Landscape architects play a crucial role in the fight against climate change, Environment Secretary Hilary Benn told a Landscape Institute conference yesterday (Nov 1).
The Secretary of State for Environment, Food and Rural Affairs told the conference, entitled “Climate Change: The Challenge for Landscape Architecture,” that urban and landscape planners showed the world how to live in ways that were not damaging to the planet.
The two-day conference saw a host of leading practitioners from the UK and overseas demonstrate how policy and practice are being effectively developed in landscape architect to combat climate change.
In the keynote address, Benn told the audience: “You bring together the skills, knowledge and passion that we need for the 21st century in the way that engineering shaped the 19th century. We need you in the fight against climate change. You can show people how it can be done.

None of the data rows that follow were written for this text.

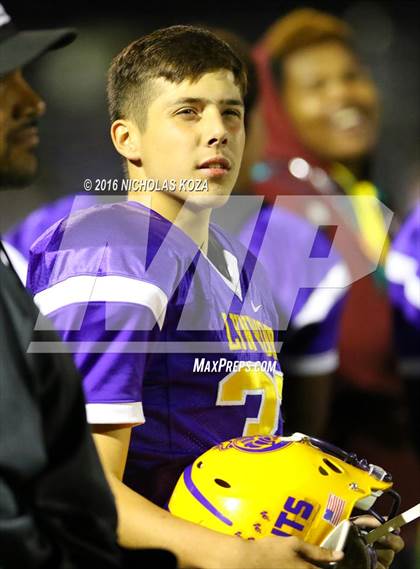 Thumbnail 3 in Warren vs. Lynwood photogallery.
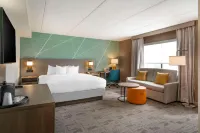 Comfort Inn & Suites Watertown - 1000 Islands - 2-Star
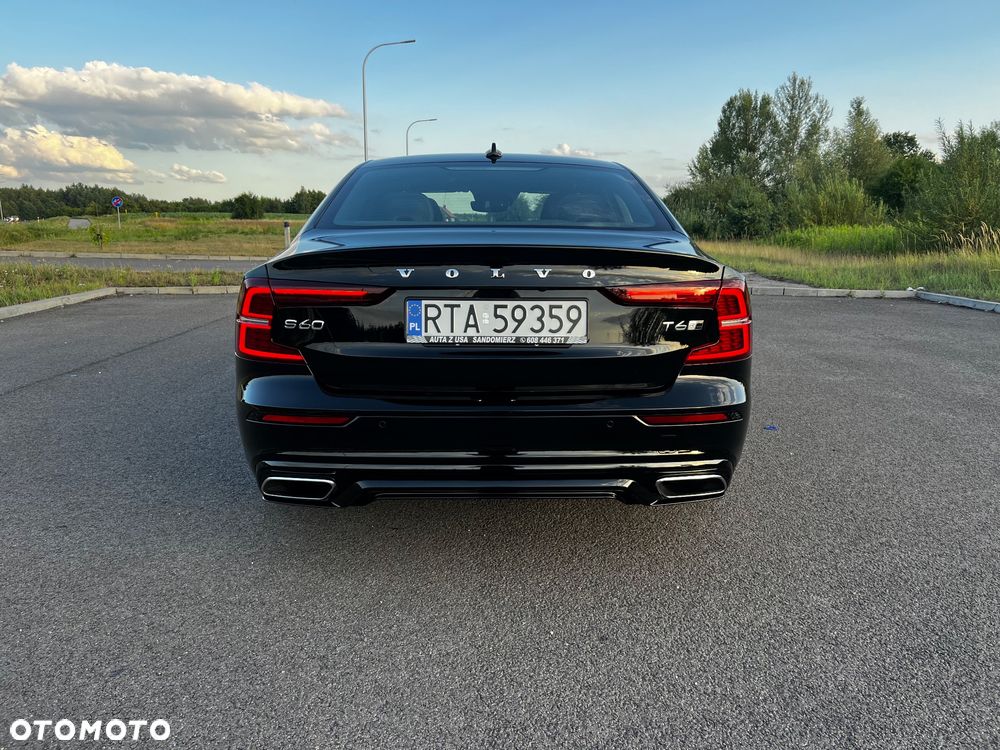 Volvo S60 T6 AWD R-Design - 10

“Your Institute has established a record to be proud of - whether greening gardens or greening the 2012 Olympics, from being leaders in the design of cleaner, greener neighbourhoods to pioneers of green energy and green infrastructure projects.
“My predecessor in this job used to say that we are consuming resources as if we had three planets. We don’t. We only have the one. This is our greatest challenge – to live with the earth’s capacity.”

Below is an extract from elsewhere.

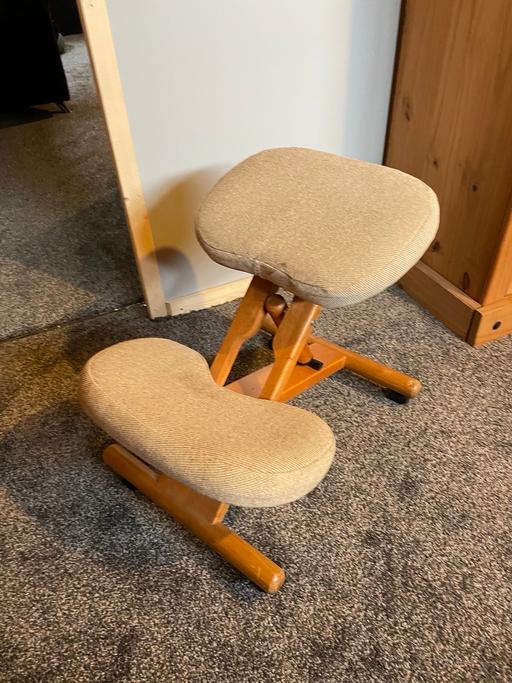 Buy & Sell Hertfordshire North Hertfordshire - Photos for Kneeling posture chair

Benn said that the Landscape Institute had “established a record to be proud of” and that it was those least able to cope with climate change that suffered the most.
He also spoke of the need to devote more time and energy to green infrastructure and of the importance of international collaboration.
“If Britain packs up tomorrow, if we all decamp to Mars and we take our climate, two per cent (of greenhouse gas emissions) disappears. Even if all of the rich countries of the world upped sticks and went to live on Venus and took our emissions with us, because of the concentration of CO2 in the atmosphere, because emissions are rising from the developing world as they develop, economically, the remaining countries would be left with a problem.
“If you think dealing with climate change is going to be expensive, yes it is going to cost us a bit, but it’s nothing compared to the cost of not dealing with climate change.”
Other speakers at the conference, held at Regent’s College London, included Tim Lang, Professor of Food Policy at City University, John Handley, Professor of Land Restoration and Management at Manchester University, eco-entrepeneur Andy Middleton and television producer David Barrie.